INSTRUCTIONS TO FOLLOW:
Write out every entry exactly as it appears, omitting the pictures.

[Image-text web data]

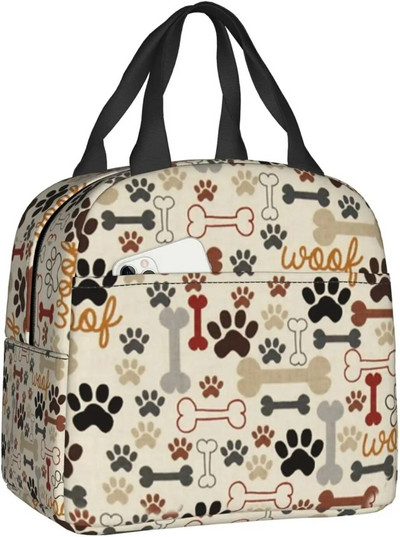 Multfilmu mopsis kucēnu pusdienu kaste meitenēm izolēta jauka pusdienu soma Skolas pusdienu somas atkārtoti lietojamas pusdienu kastes Uzkodu soma zēnu darbam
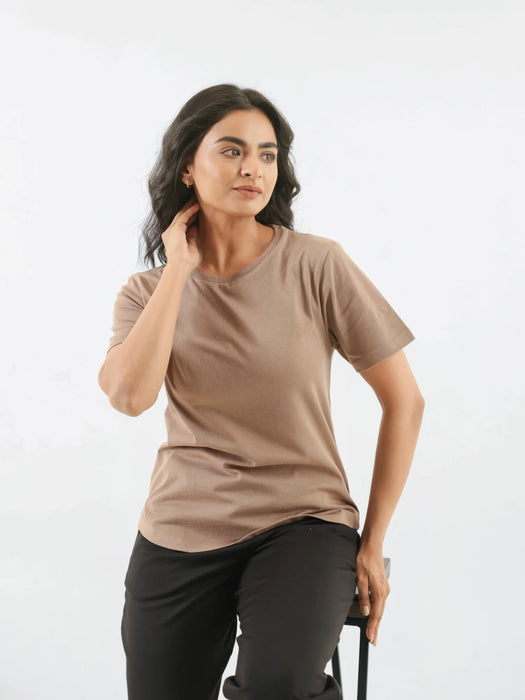 Women Mesa Taupe Round Neck T-shirt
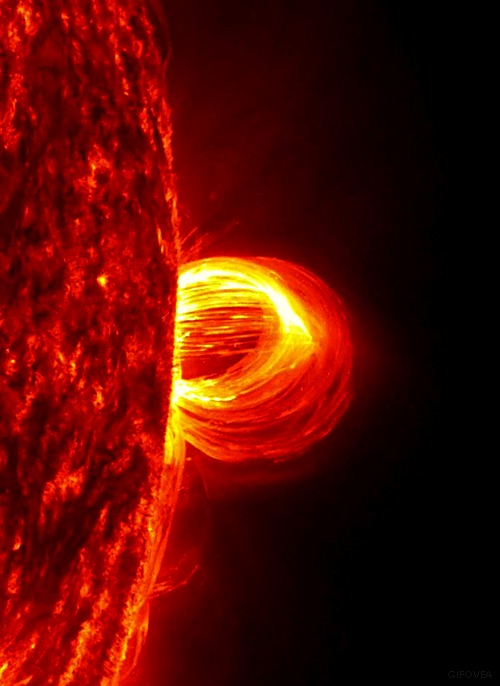 Петли плазмы, вспыхивающие от солнца, в четыре раза больше Земли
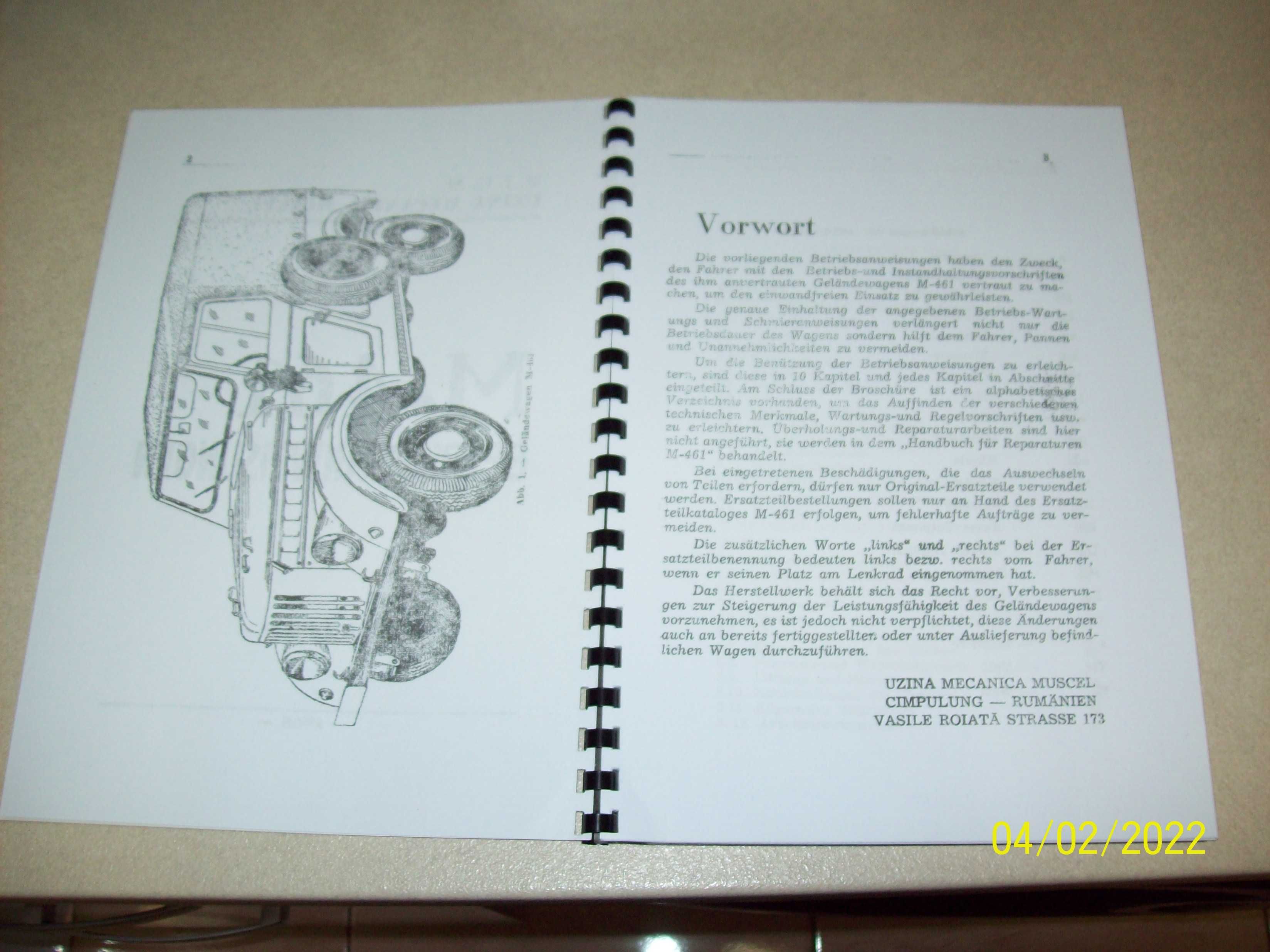 Carte intretinere si exploatare auto epoca Aro IMS M461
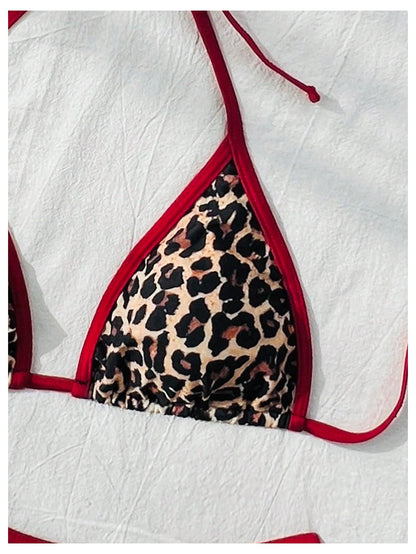 Women's 2 Piece Leopard Ruffle Bikini Sets Triangle Halter
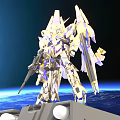 Yellow And Purple Gundam Model With Space Background And Earth View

THE COMPLETED TASK:
 Multfilmu mopsis kucēnu pusdienu kaste meitenēm izolēta jauka pusdienu soma Skolas pusdienu somas atkārtoti lietojamas pusdienu kastes Uzkodu soma zēnu darbam
 Women Mesa Taupe Round Neck T-shirt
 Петли плазмы, вспыхивающие от солнца, в четыре раза больше Земли
 Carte intretinere si exploatare auto epoca Aro IMS M461
 Women's 2 Piece Leopard Ruffle Bikini Sets Triangle Halter
 Yellow And Purple Gundam Model With Space Background And Earth View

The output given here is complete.